Quinn Leads 2013 N.Y. Mayoral Pack
New York City Council Speaker Christine Quinn is putting some distance between herself and the other potential candidates to succeed Mayor Michael Bloomberg, according to a new Quinnipiac University poll released Tuesday.
Quinn is the first choice of New York City voters among seven potential candidates in the 2013 election, the poll shows. Quinn leads with a quarter of the vote, followed by Brooklyn Borough President Marty Markowitz with 15 percent, former city Comptroller Bill Thompson at 13 percent, Public Advocate Bill de Blasio at 9 percent, Manhattan Borough President Scott Stringer at 7 percent, city Comptroller John Liu at 7 percent and publisher Tom Allon at 2 percent. Five percent of voters prefer another candidate, and 17 percent are undecided.
Among those voters who say they are Democrats, Quinn leads with 30 percent; Markowitz and Thompson are tied for second place, with 14 percent.
A majority of voters, 59 percent, approve of the job Quinn is doing as City Council speaker, a new high. Just 20 percent disapprove.
"Who should move into City Hall when Mayor Bloomberg moves out?" asks Quinnipiac University Polling Institute Director Mickey Carroll. "Quinn tops the list of usual suspects and has an impressive job approval."
Meanwhile, despite the indictment of his citywide campaign treasurer last month, Liu is holding his own. Forty percent of voters approve of the job he is doing as comptroller, equal to his approval rating last month, prior to the indictment. The percentage of voters who disapprove of the job he is doing has risen over the last month, from 29 percent to 37 percent, but that is roughly equal to the percentage who disapproved in December (35 percent).
Moreover, just a third of Big Apple voters think Liu should resign as a result of the scandal, while 44 percent do not. In December, 28 percent thought he should resign, and 43 percent did not.
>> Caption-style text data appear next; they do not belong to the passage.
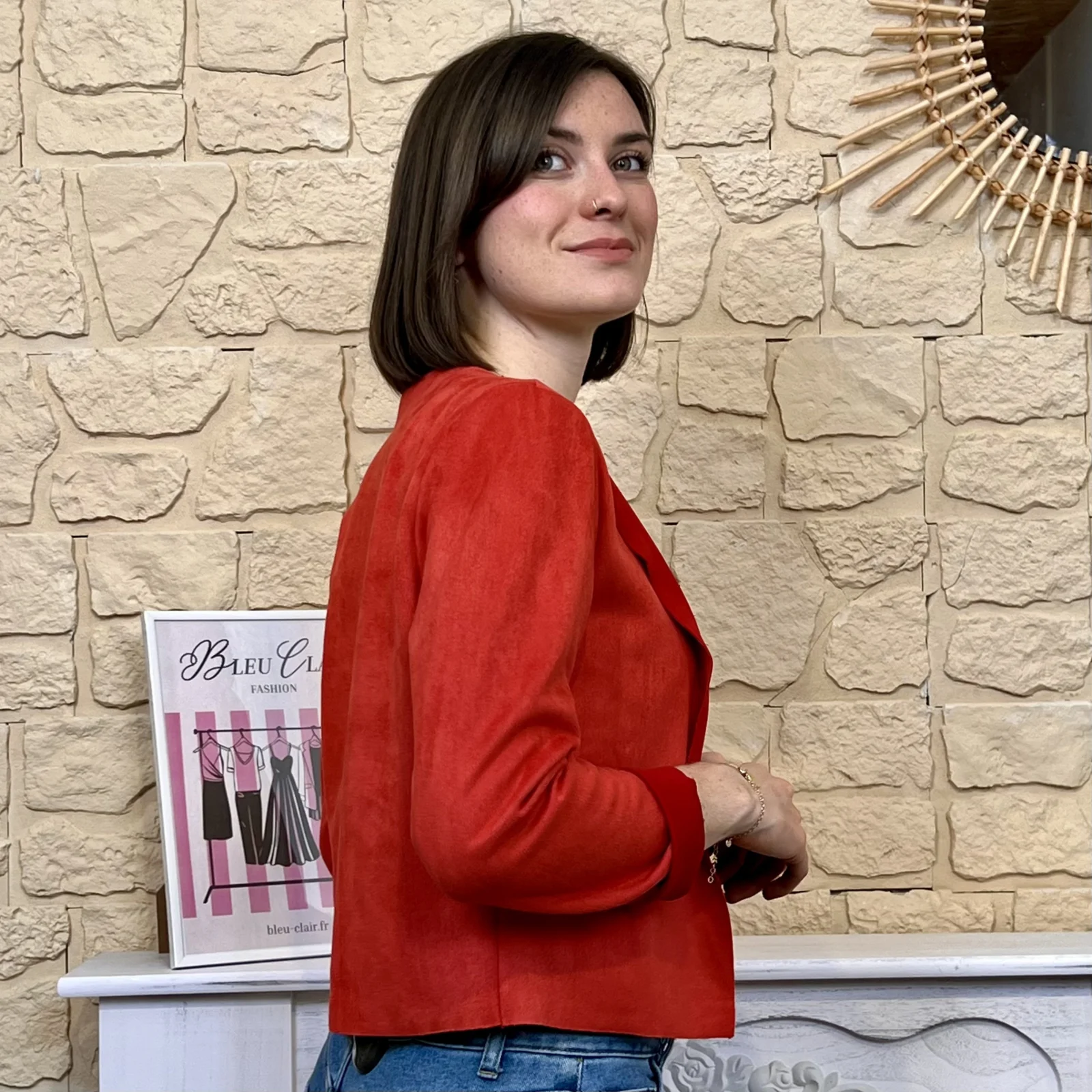 Veste courte suédine (T38-T44) - rouge - 44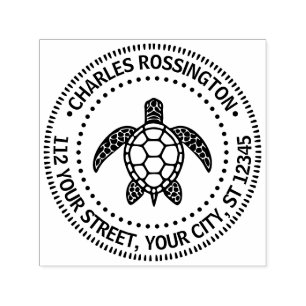 Zeeschildpad #5N Naam Retouradres Zelfinktende Stempel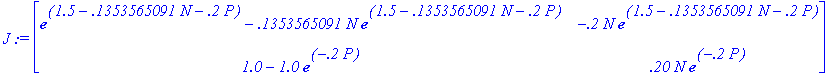 J := matrix([[exp(1.5-.1353565091*N-.2*P)-.13535650...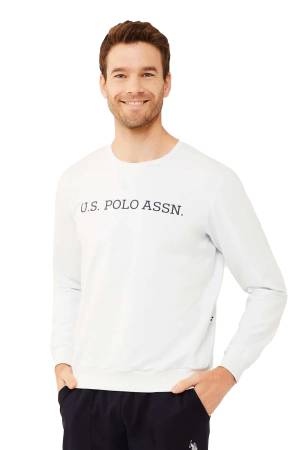 U.S. Polo Assn. Erkek SweatShirt - US.01.18468 Beyaz - Thumbnail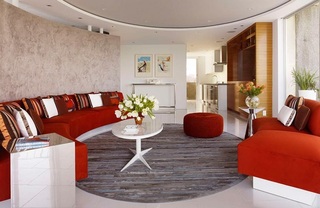 休闲现代家装客厅弧形背景墙效果图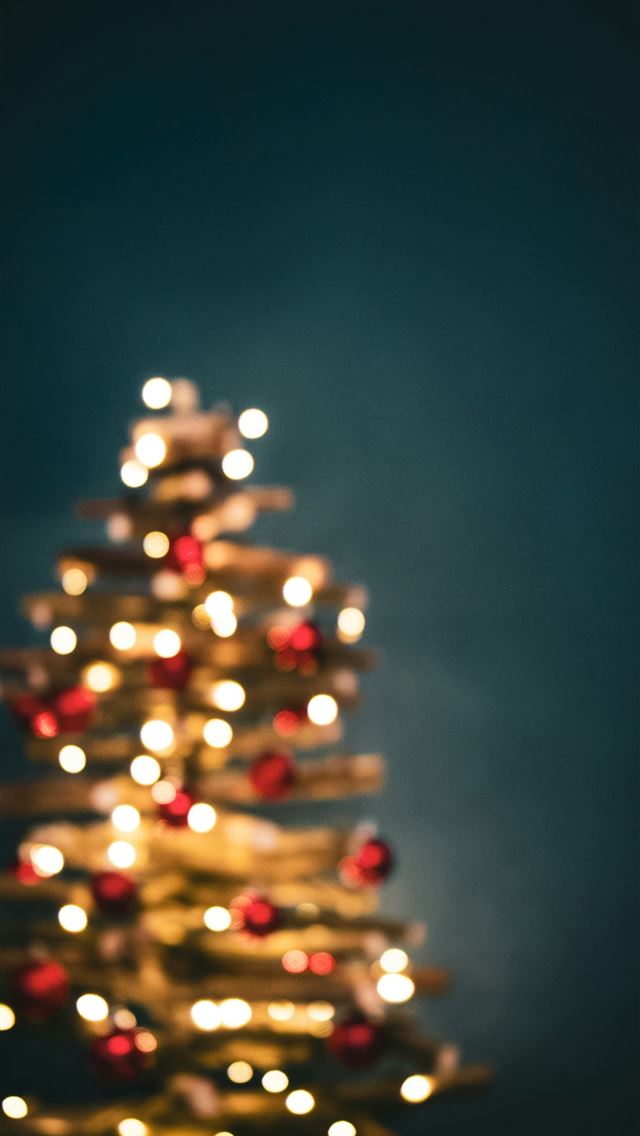 1290x2796 green Christmas tree with baubles -  iPhone Wallpaper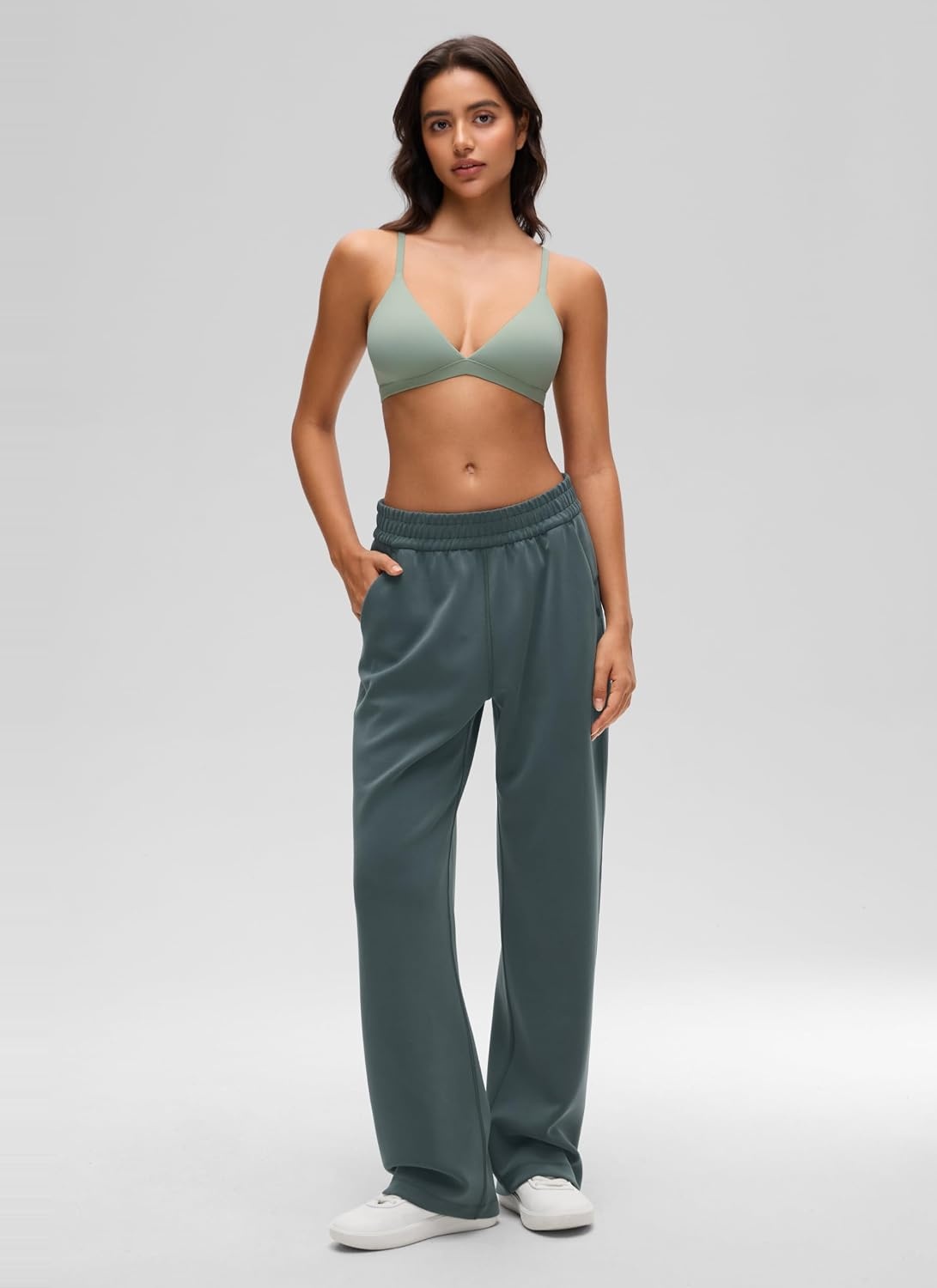 image:imageCRZ YOGA Softhold Double Lined Triangle Bralette Womens Adjustable Straps Wireless Cami Plunge TShirt Everyday Bra ComfyGreen Palm Court
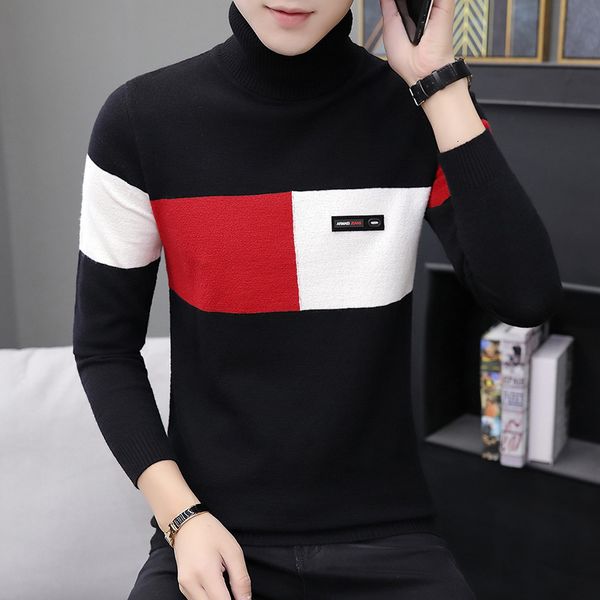sweater knit men's youth t shirt thickened slim fitting pullover turtleneck base fashion, White;black
sweater knit men's youth t shirt thickened slim fitting pullover turtleneck base fashion, White;black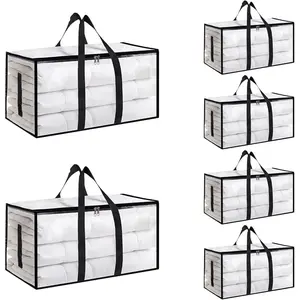 6 Pack-Extra Large Heavy Duty Moving Bags - Waterproof Storage Totes with Handles & Zippers, Foldable for College Dorm, Storage (Clear)
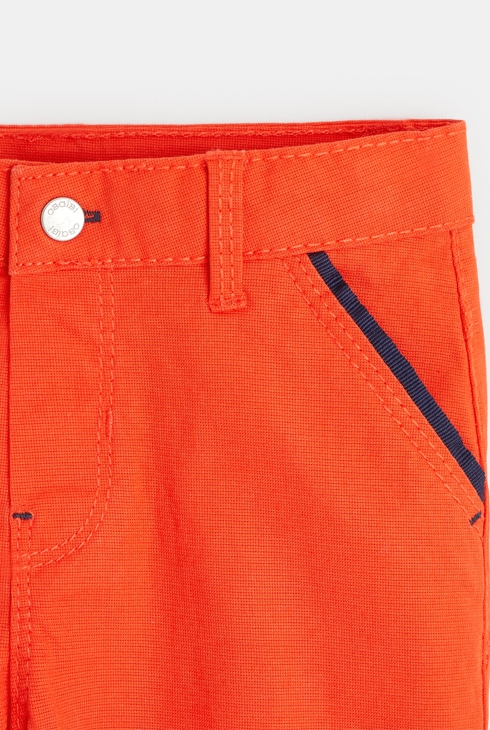 Short en toile rouge bébé garçon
Gracie Mansion's current tenant has seen a significant uptick in his approval rating: 54 percent of voters now approve of the job Bloomberg is doing, up from 46 percent a month ago. Just 35 percent disapprove. The poll represents Bloomberg's best job rating since last September.
"It's a good poll for Mayor Mike," said Carroll.
Bloomberg's rising approval rating could be a boon for Quinn's mayoral chances: She is widely seen as a Bloomberg ally, though the two have split on some important issues as of late, including the city's new policy for homeless shelters, over which the council sued the mayor.
The Quinnipiac University poll was conducted March 6-11, surveying 964 voters. The margin of error is plus-or-minus 3.2 percentage points.